Caption-style text data:
-------------------------

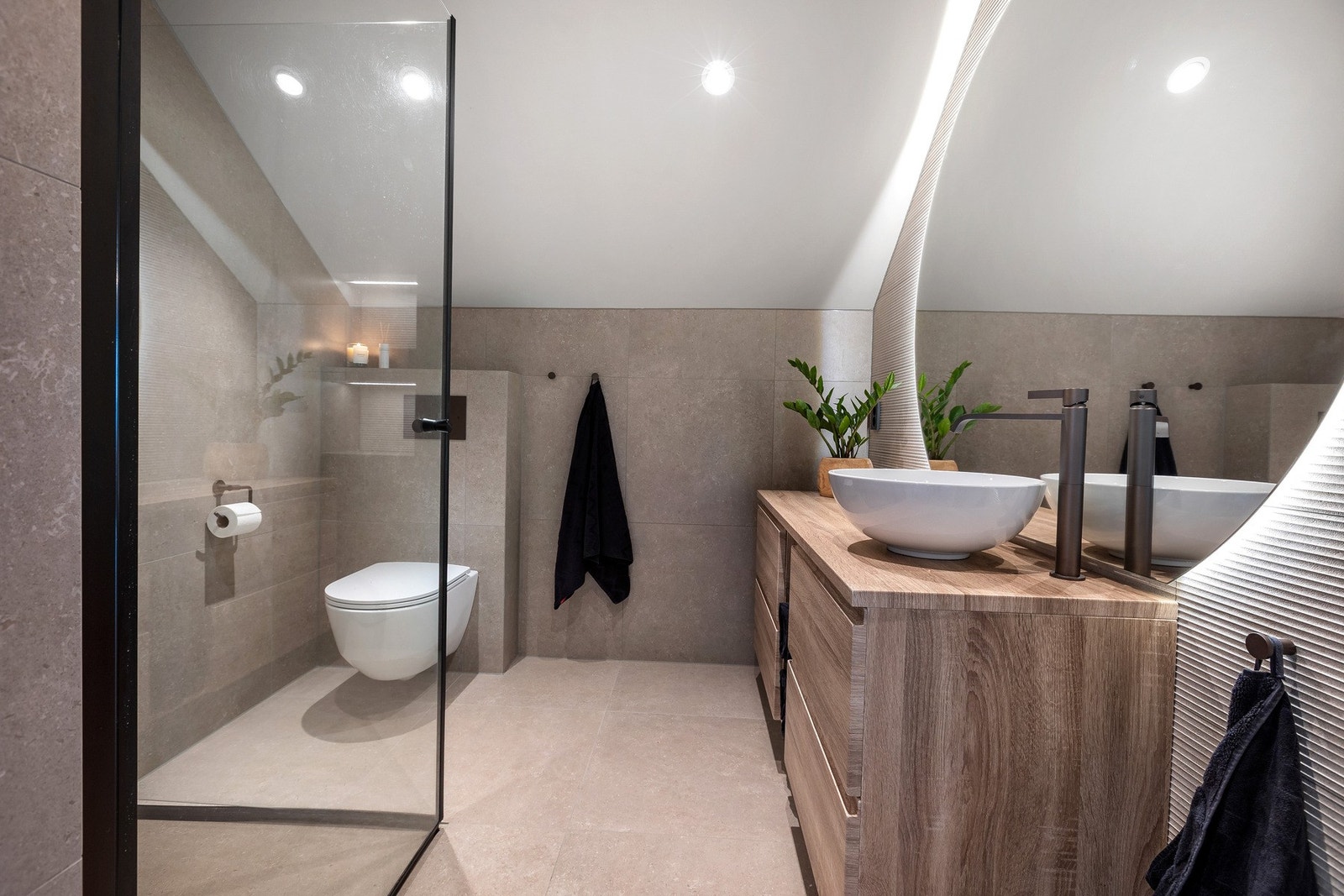 Delikat og stilig bad med vegghengt wc med innebygget sisterne. Innredning med stort speil og belysning. Galleribilde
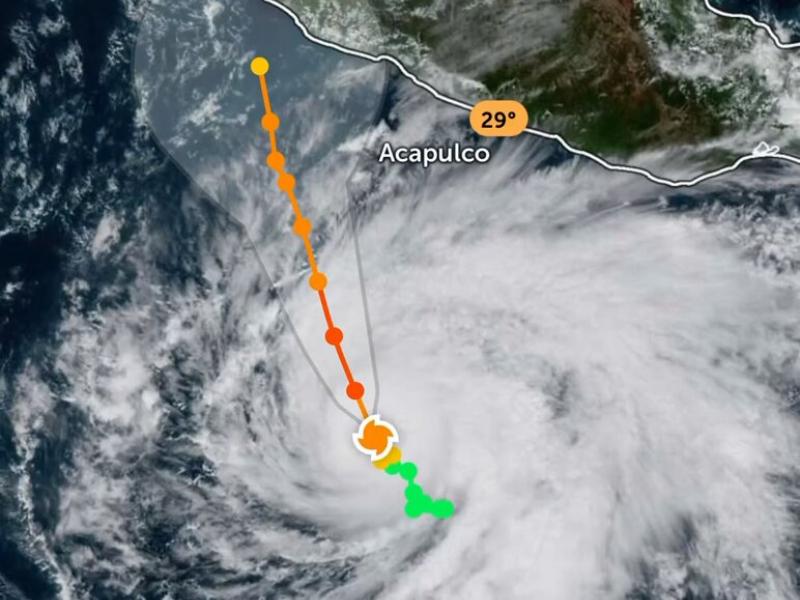 Huracán Vance se intensifica a categoría 2; se acerca a Guerrero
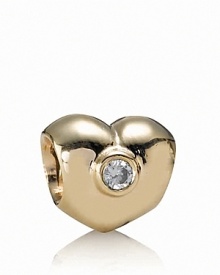 PANDORA's classic 14K gold heart charm is enhanced with a sparkling white diamond center.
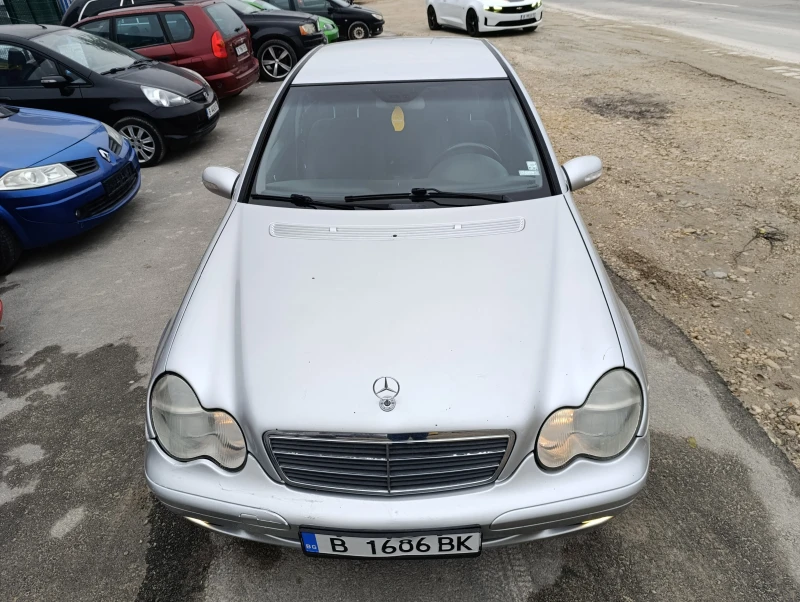 Mercedes-Benz C 220 CDI Aвтоматик, снимка 3 - Автомобили и джипове - 47936917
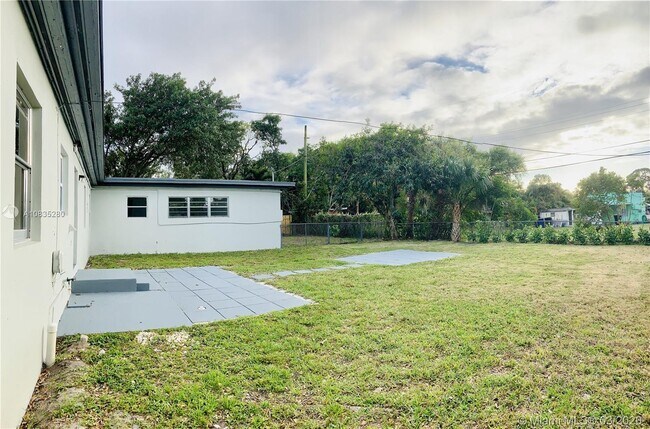 Foto del edificio - 1225 SW 23rd Ave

-------------------------

*AIM OF THE EXERCISE*. Where a line contains "Huracán Vance se", begin there and set down exactly each line through the end of the data above, omitting any pictures.

*ANSWER TO THE EXERCISE*.
 Huracán Vance se intensifica a categoría 2; se acerca a Guerrero
 PANDORA's classic 14K gold heart charm is enhanced with a sparkling white diamond center.
 Mercedes-Benz C 220 CDI Aвтоматик, снимка 3 - Автомобили и джипове - 47936917
 Foto del edificio - 1225 SW 23rd Ave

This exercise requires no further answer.